L'historienne Simone Bertière
Femme libre et atypique, la Princesse Palatine ne déteste pas la compagnie des humains mais elle est surtout très dépendante de l’affection que lui donnent ses animaux de compagnie. Elle possède de nombreuses espèces. On peut la voir sur certains portraits, accompagnée d’un petit singe à la race tout à fait indéterminée qui ressemblerait un peu à un capucin mais elle est restée surtout présente dans l’esprit des cynophiles pour le grand nombre d’épagneuls nains anglais, baptisés à l’époque déjà king charles spaniels, qu’elle a fait vivre au château de Versailles. On disait qu’elle en possédait une quinzaine en permanence. Simone Bertière découvre en relisant ses lettres à quel point il lui apportaient de tendresse et combien ils méritaient leur surnom de “consolateurs” surtout au début de sa vie en France. Elle leur confiait ses pensées et aimait à les promener en meute dans les jardins ce qui ne devait pas toujours être du goût du roi et de ses courtisans car cela occasionnait une certaine pagaille. Cette attitude parfois un peu sauvage et asociale faisait aussi partie de ce caractère complexe qui a fait d’Elisabeth-Charlotte un personnage à la fois exaspérant et attachant. Peut-être que c’est aussi l’un des éléments qui on contribué à son image de femme libre jusqu’à l’extrême. Paradoxalement, il n’existe pas à ma connaissance de portraits de la princesse avec ses chiens. Je n’ai pu trouver qu’un tableau représentant Henriette d’Orléans qui l’avait précédée, avec dans ses bras un petit chien ressemblant à un phalène.

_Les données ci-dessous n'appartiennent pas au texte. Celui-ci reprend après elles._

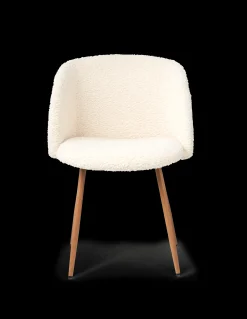 Søstrene Grene Stole^Stol I Teddystof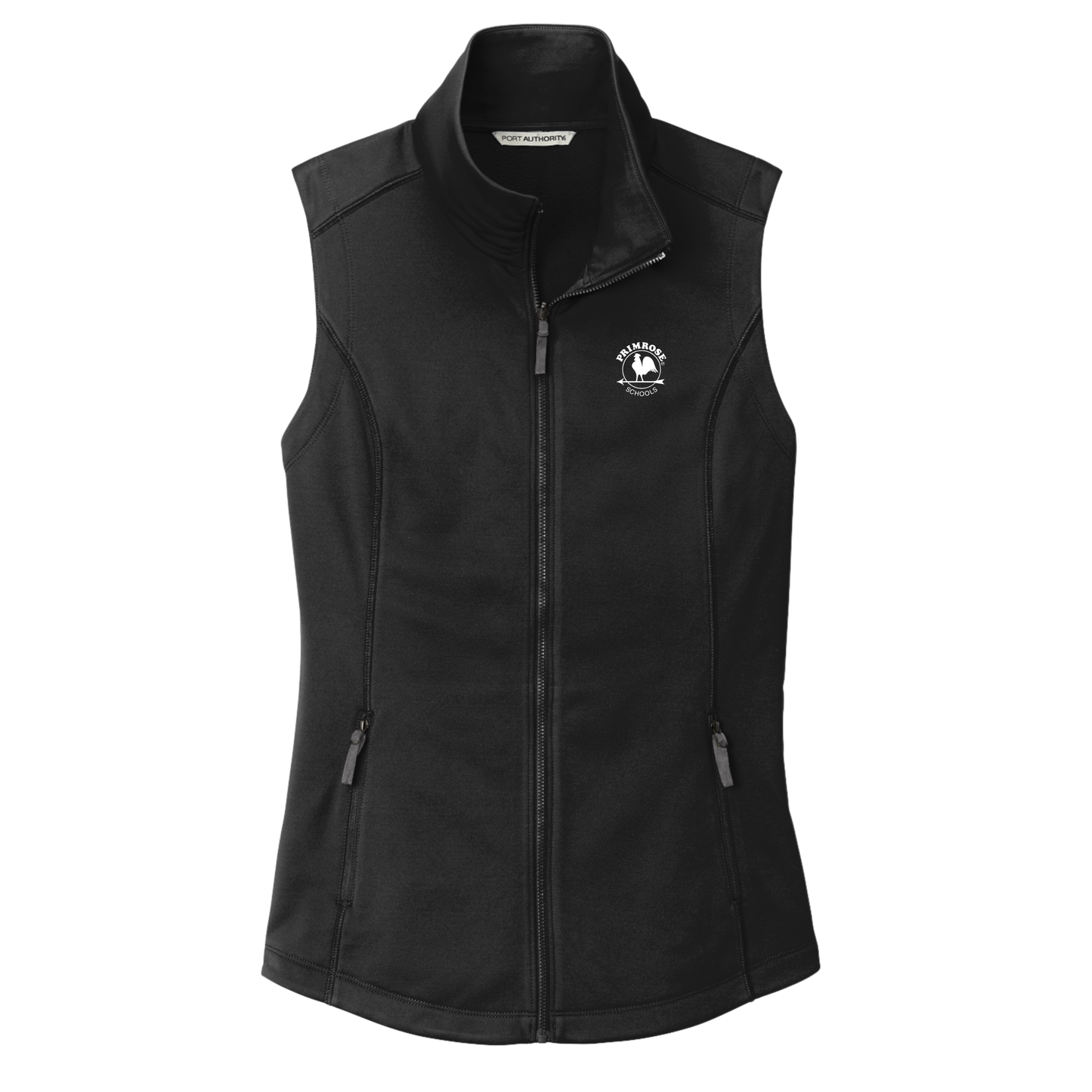 Ladies Collective Smooth Fleece Vest - Discontinued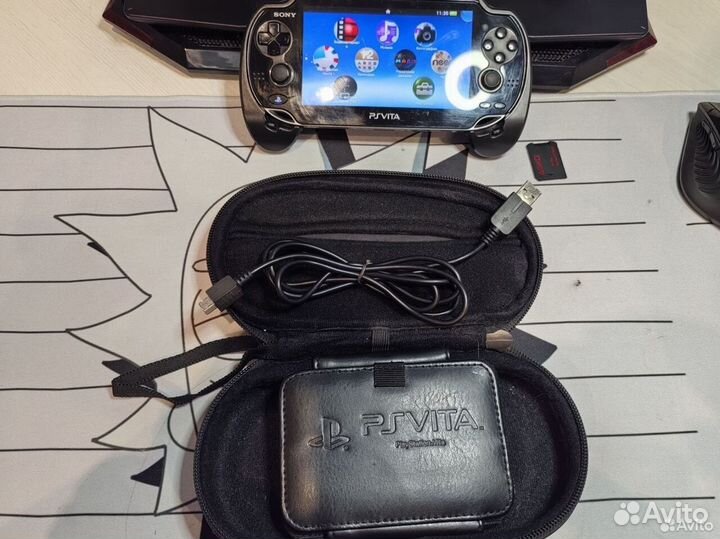 Sony psp Vita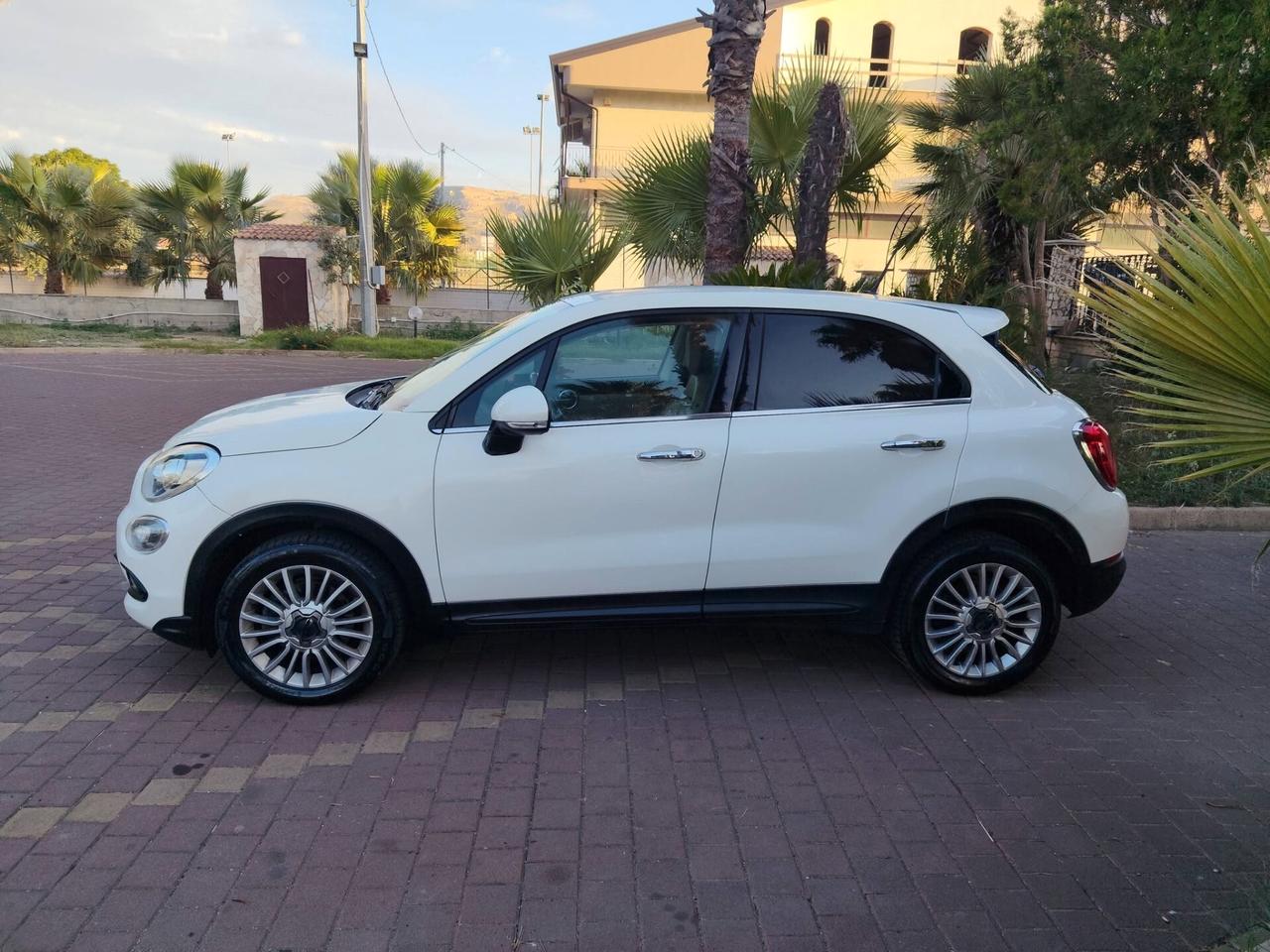 Fiat 500X 1.6 MultiJet 120 CV Lounge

La princesse Palatine est aussi un tantinet “langue de vipère”. Elle ne cache jamais ses inimitiés ni ses rancoeurs et elle ne rechignait jamais à brocarder les courtisans et même les membres de la famille du roi. Ses mots d’esprits et ses critiques souvent acerbes mais “bien senties” en faisaient une personne qui inspirait une certaine crainte et parfois même une franche antipathie. Le mariage morganatique du roi avec Madame de Maintenon ne fut pas du tout de son goût. Elle trouvait la marquise très étroite d’esprit et revêche et l’avait surnommée “la Ripopée”. Elisabeth-Charlotte pouvait se montrer même souvent plus triviale et ne mâchait ses mots ni en public ni dans ses écrits ce qui finit par agacer le roi.
Curieusement, si elle gardait son franc-parler en toute circonstance, se montrant parfois agressive, elle conserve pour son beau-frère un respect qui ne se démentira pas même quand il la rabrouera en public. Une certaine inimitié persiste quand même quant au sort réservé par Louis XIV et Louvois au Palatinat, sa région d’origine. Elle reprochera à ce dernier la mort de son frère et de son père.
Aimée pour ce qu’elle était par son mari et son beau-frère, un peu conspuée pour sa force de caractère, la Princesse Palatine était sans doute ce qu’on appellerai un “sacré numéro”. Peut-être que certains d’entre-nous, dans notre vingt-et-unième siècle se reconnaissent dans ce personnage détonnant. Elle meurt, en 1722 au Château de Saint-Cloud, laissant en héritage sa prose et son amour des animaux.